As the stunned look on her face revealed, LC recognized his tone of voice. He had shifted into that deep, round baritone. She instinctively knew that she was about to get a spanking… but she had no idea why. She could also see him trying to maintain a stern composure. Having known him for years, she knew he was playing. He wasn’t really angry with her, but that didn’t matter. Her bottom was going to be warmed just the same. She decided to let him take the lead, as usual.

"Ms. McBrian," he said, putting a goodly emphasis on the "Ms." He’d never addressed her quite this way before. Her heart skipped a beat when she realized that he was her boss now. "We have a minimum height requirement of 5' 5" for all employees. This simply will not do!"

"What,” she exclaimed, “You knew how tall I was when you hired me! Besides, I had no idea there was any such requirement!"

He walked her over to a credenza that seemed conveniently sized for someone of her stature to be bent over. "Ignorance of the rules is absolutely no excuse, young lady! From now on, you are to wear heels whenever you are on company business."

"What?" she fumed, insolently. The ‘young lady’ thing was a bit much, considering she was five years his senior. He ignored her tone and pressed his hand firmly on the top of her back, leaning her over the credenza. She struggled but it was no use. She could never resist his commands. Something clicked inside her, engaging her obedience reflex.

As she was bent over, she discovered that the height was such that her feet come off of the ground. He slid her forward, to put her hips at the edge. Her flat tummy left her bottom elevated while her breasts were just large enough to bring her forehead in slight contact with the surface.

There were two slots in the top of the credenza on the far side where she could put her hands to hold herself in position. As she slid her fingers in place, she felt the padding. It was very sturdy and the hand slots were well designed to make it comfortable for her. Obviously, this piece of furniture was designed for it’s current purpose.

Suddenly, something pressed across the backs of her ankles and tightened, bringing her legs into a 90-degree angle, straight down. She could have tried to straighten up, but her feet would have been suspended. She was off balance and needed the handholds to keep her steady. She held on for dear life, using all her strength to keep herself bent over.

The phone rang in the reception area. It was muffled but not silenced by the closed walnut door. Obviously, the internal walls were not soundproofed. "Patrick!" she whined, "She'll hear me!"

"Crack!" something hard and flat stung her bottom through her panties. She hadn't realized that her skirt was already up. "OW!" she yelled in surprise.

"You will call me ‘Sir’ or ‘Mr. O’Flannery’ when we are working and when you are being punished. Do you understand?"

"Yes... Sir" she added at the very last moment.

"Rachael is quite familiar with our disciplinary practices here." The swats began again without warning. Despite her attempts to restrain herself, LC yelped at each of them. Oh, but she loved his voice. If only he would scold her throughout the spanking…

In the reception area, Rachael stared at the hidden console in her desk. The light switched from yellow to red, signaling that the floor was secure. Rachael had been looking forward to hearing a second female voice yelling and crying from the boss’s office. She took a long sip of twelve-year-old Scotch, set the glass down and reclined, eyes-closed, as it burned her tongue perfectly.

…Another swat landed on her bottom, then another. They really hurt. She wasn’t sure what the implement was but it was effective…

"Ow!" came another slightly muffled cry from LC. Rachael smiled as she opened her blouse and unhooked the front clasp of her bra. LC was getting much more than she bargained for in her new job. Rachael swallowed the warm mossy flavored liquid, laid her head back and tucked her left hand inside, massaging her nipple. She squeezed and pinched, hurting herself just a little to accent the cries from Patrick’s office.

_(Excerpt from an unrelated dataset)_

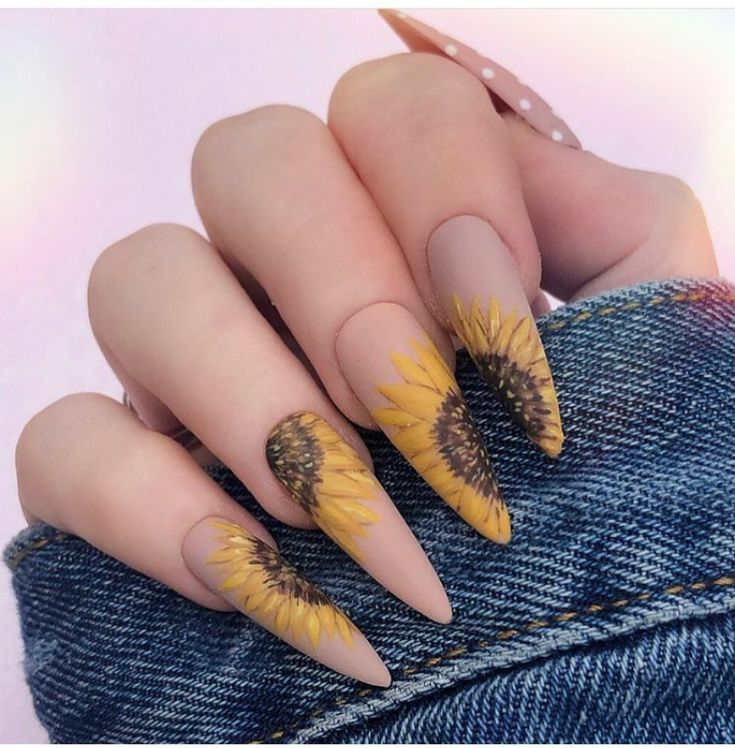 Striking Floral Nail Design with Intricate Sunflower Artwork on Matte Almond Tips.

…He held the ruler out where LC could see it. It was 18 inches long, as wide as a cedar shingle and thick. It was very sturdy, very heavy and it stung like Hell. It was mean, even in a gentle hand. Although it wasn’t necessary, he placed his hand on the small of her back, before beginning the main spanking. LC silently thanked him. It meant that she didn’t have to hold herself in place quite as much.

Hard swats landed on her bottom in a steady rhythm, a little faster than her heartbeat. Each of them was insistently painful, stinging her in series up and down her bottom and thighs. She squeezed the grips and pulled herself into the credenza, trying to avoid the ruler, but it was pointless. She was completely helpless…

…Rachael measured her breathing; pursing her lips and licking them as she arched her head back even farther. The chair supported her as she reclined fully and stretched her feet. Her right hand entered her skirt, careful not to dishevel her clothes. The fingers quickly reached the edge of her rosewood forest and slipped beneath the canopy, finding the damp mossy banks of her riverbed…

…LC hadn’t counted from the beginning but began to do so silently once her tears started flowing. The throbbing built up quickly, as it did whenever Patrick spanked her. She cried, humiliated that Rachael was listening and knowing that she couldn’t hold out much longer.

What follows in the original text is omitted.